B. Fees Related to Plaintiff's Motion for Adverse Inference
Defendants next move for attorney's fees related to Plaintiff's Motion for Adverse Inference, ECF 123, which this Court ultimately denied. This Court has inherent authority to order attorney's fees as sanctions for conduct by counsel that amounts to bad faith. Primus Auto. Fin. Servs., Inc., 115 F.3d at 648–49. A finding of bad faith is warranted where an attorney “knowingly or recklessly raises a frivolous argument, or argues a meritorious claim for the purpose of harassing an opponent.” In re Keegan Mgmt. Co., Sec. Litig., 78 F.3d 431, 436 (9th Cir. 1996) (citation omitted).

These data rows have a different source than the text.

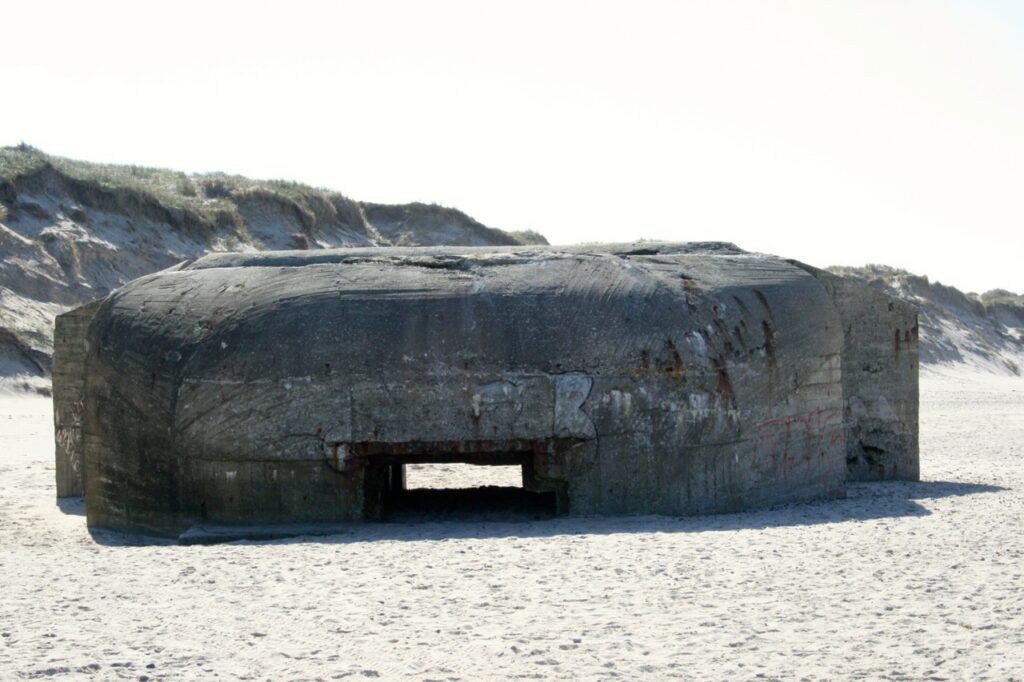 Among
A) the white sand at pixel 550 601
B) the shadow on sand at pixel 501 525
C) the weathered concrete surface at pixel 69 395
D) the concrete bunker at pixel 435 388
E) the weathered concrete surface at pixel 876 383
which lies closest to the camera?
the white sand at pixel 550 601

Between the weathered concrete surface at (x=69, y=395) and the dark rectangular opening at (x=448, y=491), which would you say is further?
the weathered concrete surface at (x=69, y=395)

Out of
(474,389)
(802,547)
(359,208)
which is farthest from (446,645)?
(359,208)

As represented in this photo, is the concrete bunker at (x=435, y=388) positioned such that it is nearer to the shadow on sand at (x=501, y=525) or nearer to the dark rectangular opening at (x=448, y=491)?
the dark rectangular opening at (x=448, y=491)

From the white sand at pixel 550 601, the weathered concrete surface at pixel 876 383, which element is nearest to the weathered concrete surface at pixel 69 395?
the white sand at pixel 550 601

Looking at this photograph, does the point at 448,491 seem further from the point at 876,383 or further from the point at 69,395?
the point at 876,383

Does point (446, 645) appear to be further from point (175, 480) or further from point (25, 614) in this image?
point (175, 480)

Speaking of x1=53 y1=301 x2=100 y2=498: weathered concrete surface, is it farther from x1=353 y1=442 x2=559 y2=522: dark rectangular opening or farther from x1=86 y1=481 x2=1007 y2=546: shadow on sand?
x1=353 y1=442 x2=559 y2=522: dark rectangular opening

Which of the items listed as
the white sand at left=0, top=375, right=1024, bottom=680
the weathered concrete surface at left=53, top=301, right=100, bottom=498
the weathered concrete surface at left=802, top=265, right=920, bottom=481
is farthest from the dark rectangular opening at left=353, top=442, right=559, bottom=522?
the weathered concrete surface at left=53, top=301, right=100, bottom=498

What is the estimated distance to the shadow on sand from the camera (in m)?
6.83

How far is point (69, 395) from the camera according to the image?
9758 mm

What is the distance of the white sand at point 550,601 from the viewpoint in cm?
428

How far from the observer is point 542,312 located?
24.5ft

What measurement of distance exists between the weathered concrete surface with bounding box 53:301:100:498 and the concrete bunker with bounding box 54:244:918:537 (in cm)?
187

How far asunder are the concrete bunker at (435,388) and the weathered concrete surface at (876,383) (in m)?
1.35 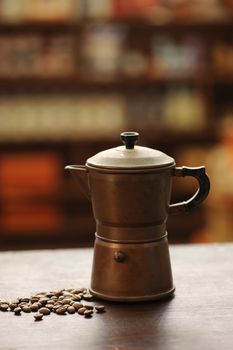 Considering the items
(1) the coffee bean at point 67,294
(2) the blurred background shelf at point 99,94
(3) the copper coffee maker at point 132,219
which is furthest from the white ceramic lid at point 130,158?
(2) the blurred background shelf at point 99,94

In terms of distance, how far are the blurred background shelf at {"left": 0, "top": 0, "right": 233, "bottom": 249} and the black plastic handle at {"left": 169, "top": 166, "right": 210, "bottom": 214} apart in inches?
131

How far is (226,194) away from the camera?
492 centimetres

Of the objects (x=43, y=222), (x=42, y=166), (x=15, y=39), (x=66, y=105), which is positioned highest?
(x=15, y=39)

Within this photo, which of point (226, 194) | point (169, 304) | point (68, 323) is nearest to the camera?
point (68, 323)

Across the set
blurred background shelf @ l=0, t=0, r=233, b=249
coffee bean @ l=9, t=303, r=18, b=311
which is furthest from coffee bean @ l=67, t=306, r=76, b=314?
blurred background shelf @ l=0, t=0, r=233, b=249

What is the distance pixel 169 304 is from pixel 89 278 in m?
0.24

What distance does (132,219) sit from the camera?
5.23 ft

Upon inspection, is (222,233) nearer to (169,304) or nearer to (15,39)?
(15,39)

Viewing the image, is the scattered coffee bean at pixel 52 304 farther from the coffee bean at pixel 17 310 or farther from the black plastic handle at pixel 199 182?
the black plastic handle at pixel 199 182

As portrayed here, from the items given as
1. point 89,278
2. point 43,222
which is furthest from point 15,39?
point 89,278

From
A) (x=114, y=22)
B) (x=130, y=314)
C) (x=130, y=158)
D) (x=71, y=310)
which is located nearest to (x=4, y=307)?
(x=71, y=310)

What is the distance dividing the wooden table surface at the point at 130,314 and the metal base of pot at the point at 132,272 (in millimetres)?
21

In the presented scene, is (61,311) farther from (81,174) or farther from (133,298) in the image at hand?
(81,174)

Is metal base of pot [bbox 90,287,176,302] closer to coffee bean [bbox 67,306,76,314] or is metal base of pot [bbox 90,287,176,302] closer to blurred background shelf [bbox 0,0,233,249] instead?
coffee bean [bbox 67,306,76,314] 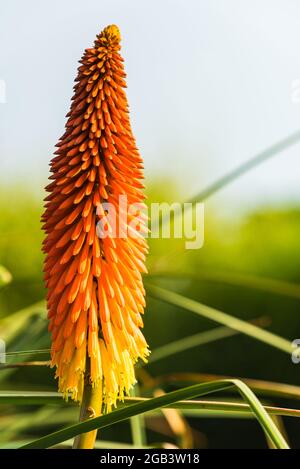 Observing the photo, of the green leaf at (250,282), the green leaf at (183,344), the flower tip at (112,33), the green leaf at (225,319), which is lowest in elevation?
the green leaf at (183,344)

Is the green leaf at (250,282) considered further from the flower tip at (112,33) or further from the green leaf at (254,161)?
the flower tip at (112,33)

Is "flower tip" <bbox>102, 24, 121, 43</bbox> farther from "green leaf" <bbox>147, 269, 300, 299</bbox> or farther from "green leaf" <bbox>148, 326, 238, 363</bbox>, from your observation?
"green leaf" <bbox>148, 326, 238, 363</bbox>

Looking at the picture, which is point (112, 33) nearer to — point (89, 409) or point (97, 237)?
point (97, 237)

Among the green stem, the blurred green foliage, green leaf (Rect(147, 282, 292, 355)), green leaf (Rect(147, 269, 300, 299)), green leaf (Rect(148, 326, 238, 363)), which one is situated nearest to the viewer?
the green stem

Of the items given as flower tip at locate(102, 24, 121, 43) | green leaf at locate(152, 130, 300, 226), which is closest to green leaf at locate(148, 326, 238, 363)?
green leaf at locate(152, 130, 300, 226)

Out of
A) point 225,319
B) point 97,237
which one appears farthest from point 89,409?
point 225,319

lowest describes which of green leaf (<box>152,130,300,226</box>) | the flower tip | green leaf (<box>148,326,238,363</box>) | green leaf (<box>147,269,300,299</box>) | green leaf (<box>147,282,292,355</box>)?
green leaf (<box>148,326,238,363</box>)

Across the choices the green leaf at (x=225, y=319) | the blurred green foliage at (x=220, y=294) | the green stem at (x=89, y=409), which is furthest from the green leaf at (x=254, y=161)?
the blurred green foliage at (x=220, y=294)

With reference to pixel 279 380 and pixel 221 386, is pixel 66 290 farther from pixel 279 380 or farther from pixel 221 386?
pixel 279 380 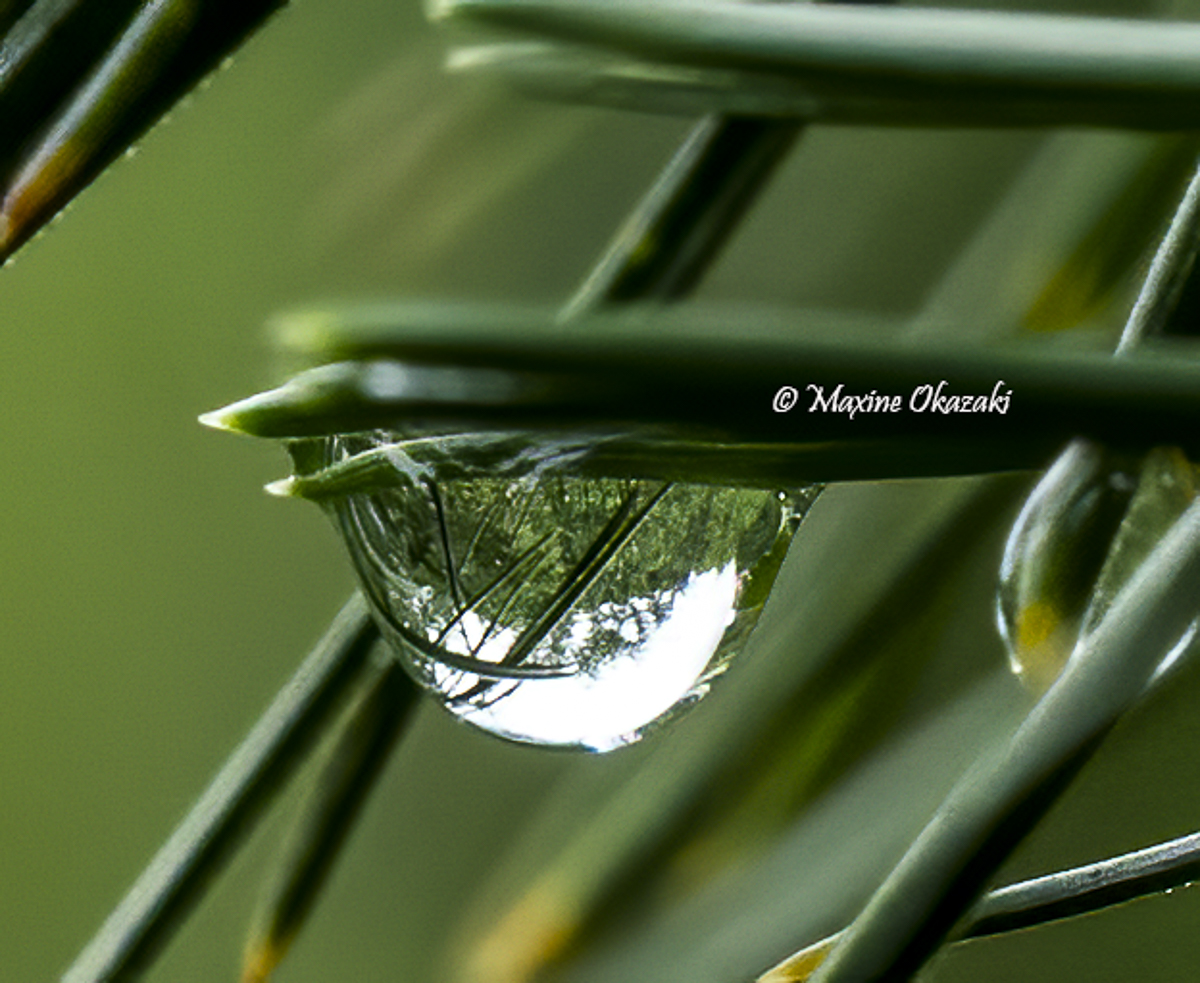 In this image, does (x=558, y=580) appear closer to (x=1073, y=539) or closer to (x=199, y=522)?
(x=1073, y=539)

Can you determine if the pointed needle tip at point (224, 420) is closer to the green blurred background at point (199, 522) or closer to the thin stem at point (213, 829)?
the thin stem at point (213, 829)

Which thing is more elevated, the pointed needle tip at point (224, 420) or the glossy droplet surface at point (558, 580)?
the glossy droplet surface at point (558, 580)

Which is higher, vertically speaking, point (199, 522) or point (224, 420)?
point (199, 522)

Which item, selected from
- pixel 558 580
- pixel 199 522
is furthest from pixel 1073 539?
pixel 199 522

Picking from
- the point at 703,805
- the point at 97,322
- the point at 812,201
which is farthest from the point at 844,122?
the point at 97,322

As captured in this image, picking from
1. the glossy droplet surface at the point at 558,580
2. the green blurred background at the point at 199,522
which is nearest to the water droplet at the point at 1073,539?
the glossy droplet surface at the point at 558,580

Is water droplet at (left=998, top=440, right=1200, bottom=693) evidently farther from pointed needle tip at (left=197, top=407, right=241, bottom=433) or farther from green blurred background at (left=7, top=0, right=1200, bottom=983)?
green blurred background at (left=7, top=0, right=1200, bottom=983)

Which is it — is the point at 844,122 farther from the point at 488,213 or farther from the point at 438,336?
the point at 488,213

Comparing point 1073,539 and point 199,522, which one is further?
point 199,522

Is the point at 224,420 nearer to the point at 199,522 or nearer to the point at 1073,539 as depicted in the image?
the point at 1073,539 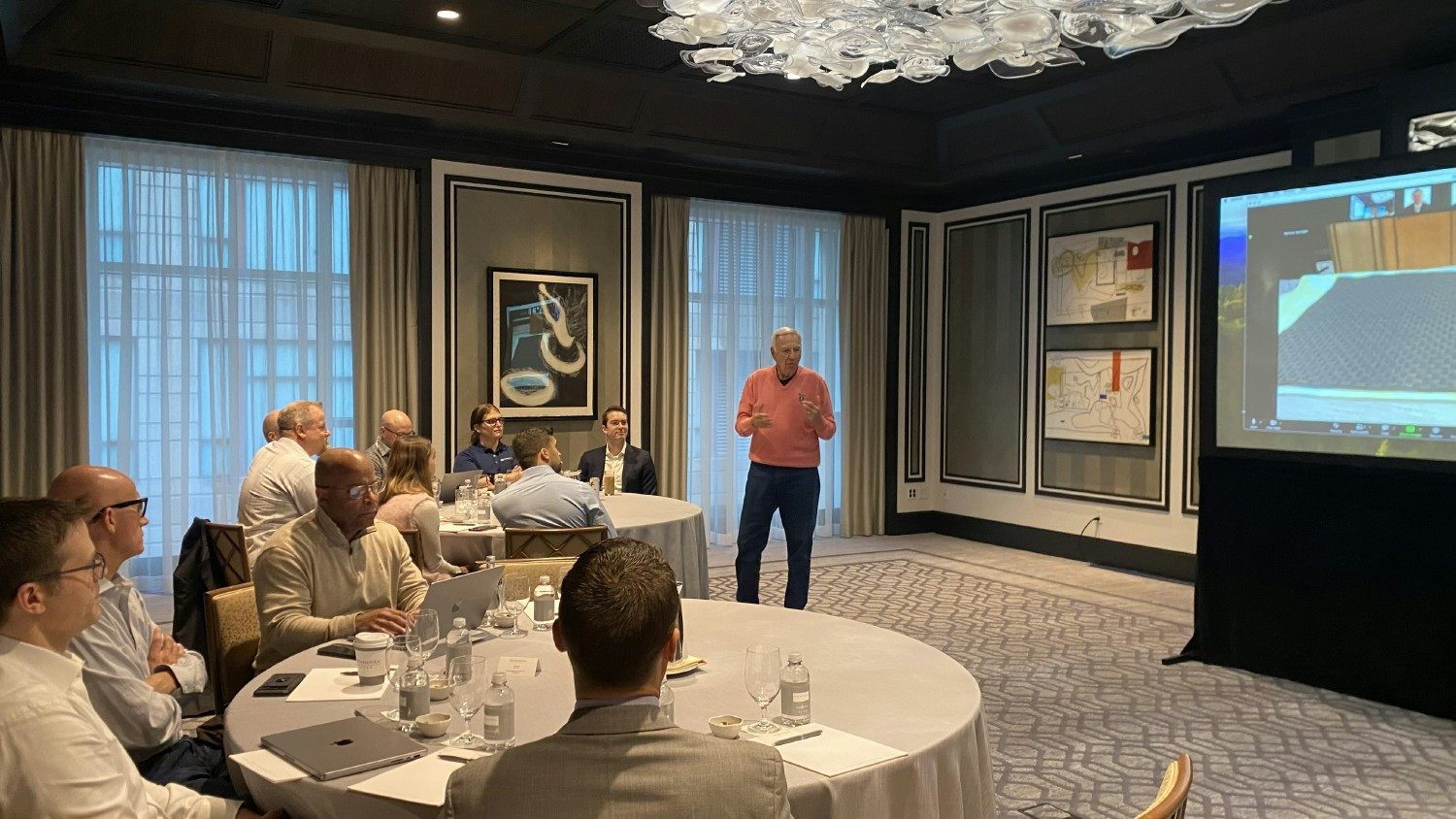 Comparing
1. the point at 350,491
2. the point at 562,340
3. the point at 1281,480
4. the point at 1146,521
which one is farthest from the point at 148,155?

This Court does not find that Plaintiff's counsel acted in bad faith in seeking an adverse inference against Defendant Palmer. The question of whether Defendant Palmer actually possessed Plaintiff's cell phone extraction was one that was vigorously contested by the parties through various stages of this litigation. While this Court ultimately held that Plaintiff had failed to produce admissible evidence that Defendant Palmer ever possessed Plaintiff's cell phone extraction, ECF 148 at 19–20, this Court cannot say that Plaintiff's counsel acted in bad faith by pressing that argument prior to this Court's findings at the motion for summary judgment stage. See Primus Auto. Fin. Servs., Inc., 115 F.3d at 649 (stating that sanctions “should be reserved for the rare and exceptional case where the action is clearly frivolous, legally unreasonable or without legal foundation, or brought for an improper purpose.”) (citation omitted).
CONCLUSION
For the foregoing reasons, Defendants’ Motion for Imposition of Fees, ECF 150, is DENIED.
IT IS SO ORDERED.

Footnotes

This Court notes that Plaintiff's counsel has stated, in a sworn declaration filed with this Court, that during conferral Defense counsel “continued to email and ask for phone calls, pressuring me to force Plaintiff to change her position, becoming emotional, raising his voice, and using disparaging language regarding Plaintiff.” ECF 153 at ¶ 3. Plaintiff's counsel also stated in her declaration that Defense counsel “called [Plaintiff's] private images ‘nudie pics.’ ” Id. Defense counsel, for his part, denies that he raised his voice in emotion or anger at Plaintiff's counsel. ECF 156 at ¶ 2. This Court takes no position on the veracity of these statements, but notes that conferral between the parties appears—based on this Court's own review of various exhibits as well as the tone of the parties’ briefing itself—to have been a contentious process over messages that contained private and personal information. See ECF 154 at ¶ 4 (describing the messages as containing “pictures of [Plaintiff and Deputy Smith's] kids” as well as “sexual conversations”). Against this backdrop, this Court reiterates that it finds Plaintiff's privacy concerns substantially justified, even if the private messages should have been produced subject to an attorneys’ eyes-only provision. See ECF 67 at 3.